### Provided data
########################################

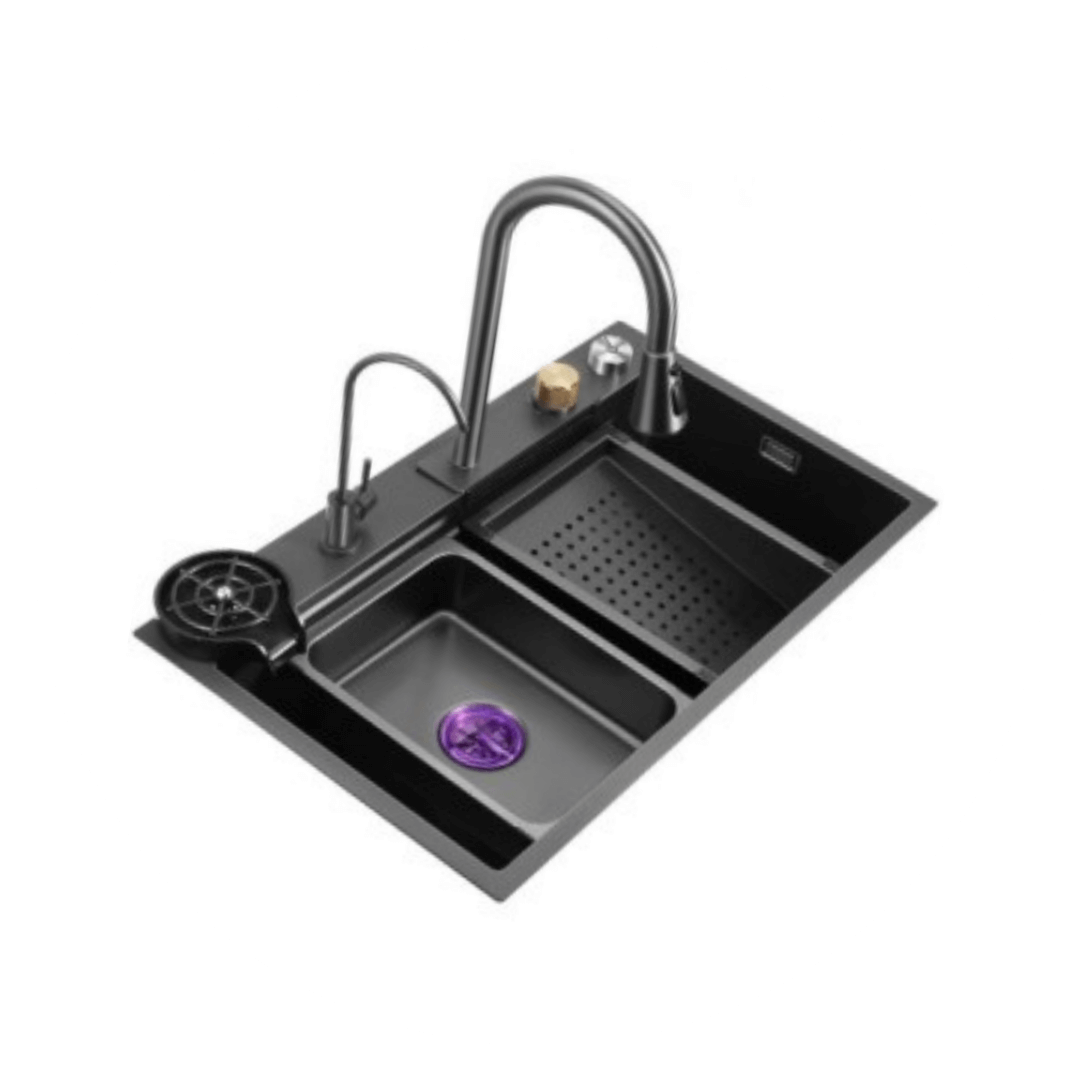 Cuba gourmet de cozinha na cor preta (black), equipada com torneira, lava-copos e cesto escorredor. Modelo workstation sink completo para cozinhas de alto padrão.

########################################

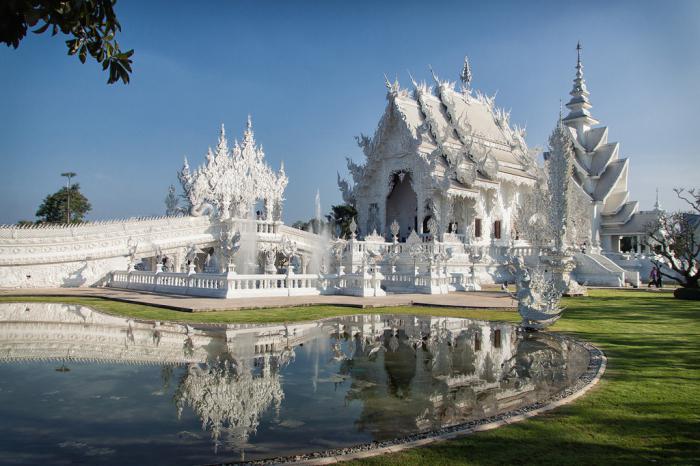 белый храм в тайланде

########################################

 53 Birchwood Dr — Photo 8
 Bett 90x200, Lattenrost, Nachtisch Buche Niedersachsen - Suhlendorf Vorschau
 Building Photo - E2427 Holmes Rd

########################################

### Work task
The lines above from the one with "53 Birchwood Dr — Photo 8" through the one with "Building Photo - E2427 Holmes Rd" are to be duplicated exactly, ends included, with nothing added.

### Expected answer
 53 Birchwood Dr — Photo 8
 Bett 90x200, Lattenrost, Nachtisch Buche Niedersachsen - Suhlendorf Vorschau
 Building Photo - E2427 Holmes Rd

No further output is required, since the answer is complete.